На память пришли разговоры с местными жителями, утверждавшими, что воюют в основном приезжие бандиты, для кого Чечня была не столько родиной, сколько местом, где они готовились к очередным преступлениям и отсиживались после вылазок. "Дудаев даже по-чеченски не говорит. Всю жизнь в Прибалтике прожил. Какая тут народная война? Какой "газават", если за него воюют все, кому Бог в виде баксов представляется?"

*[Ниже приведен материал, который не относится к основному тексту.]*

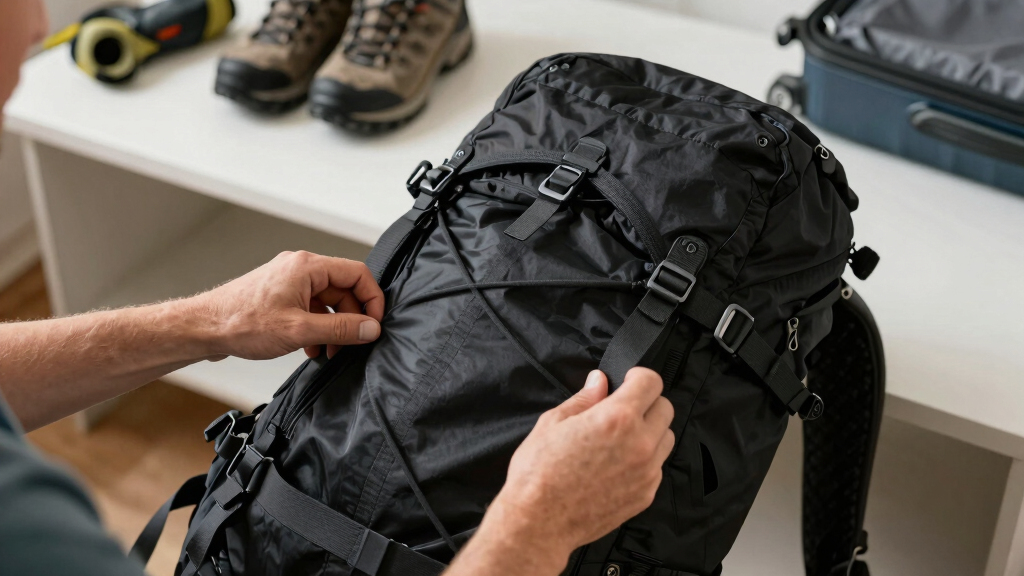 14 Best Best Trekking Backpack Carry On in 2026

Вряд ли все так просто. Но очень хочется верить, что не с чеченским народом воюет Российская Армия.
Идем через поле. Офицеры просматривают его в приборы ночного видения. Легли. За ходом времени не уследишь. Только холод напоминает, что лежим уже долго. Тук-тук... Стучит сердце. Если накроют в чистом поле, то никому не уйти. А мне цыганка нагадала долгую жизнь. Соврала, наверное.
Встаем. Голова цепочки поворачивается назад. Рядом встал Володя. До этого он шел где-то впереди.
В машине, когда выезжали из Толстого-Юрта, я его спрашивал, почему он, майор, только заместитель командира группы?
"Вообще-то у меня другая должность. Но как было не пойти, когда ребята здесь воюют?"
Вот и думай после этого, за что и почему воюют эти ребята, рассуждай о политических взглядах и нравственных терзаниях, спорь о смелости и трусости. А у них своя мораль: как не пойти...
- Что случилось? - шепчу Володе на ухо.
- Похоже, нас поджидают. Поле просматривается в инфракрасном излучении. Слишком много было согласований!
- Подозреваешь, что кто-то узнал?
- Кто знает? Засада вон там, за полем, в лесочке. Просто так здесь никто бы не сидел.
Позднее, в Моздоке, рязанские десантники сказали мне, что ни одна из разработанных операций им на то время не удалась. "Стукачок где-то здесь, в штабе, сидит", - говорили они. Наверное, слишком много провалов в этой войне. Не захочешь, заболеешь шпиономанией.
Володя дает мне прибор ночного видения: "Наблюдай сам". Похоже, я ему надоел своими вопросами.
Именно через этот, похожий на бинокль, прибор видно работу приборов ночного видения, работающих в активном инфракрасном излучении. Этот прибор нас и выручил. Командир долго просматривал через него очередное поле, которое предстояло пересечь группе. Сначала не верилось, что впереди нас ждут. Но вот на опушке леса засветился один огонек. Затем другой. Третий.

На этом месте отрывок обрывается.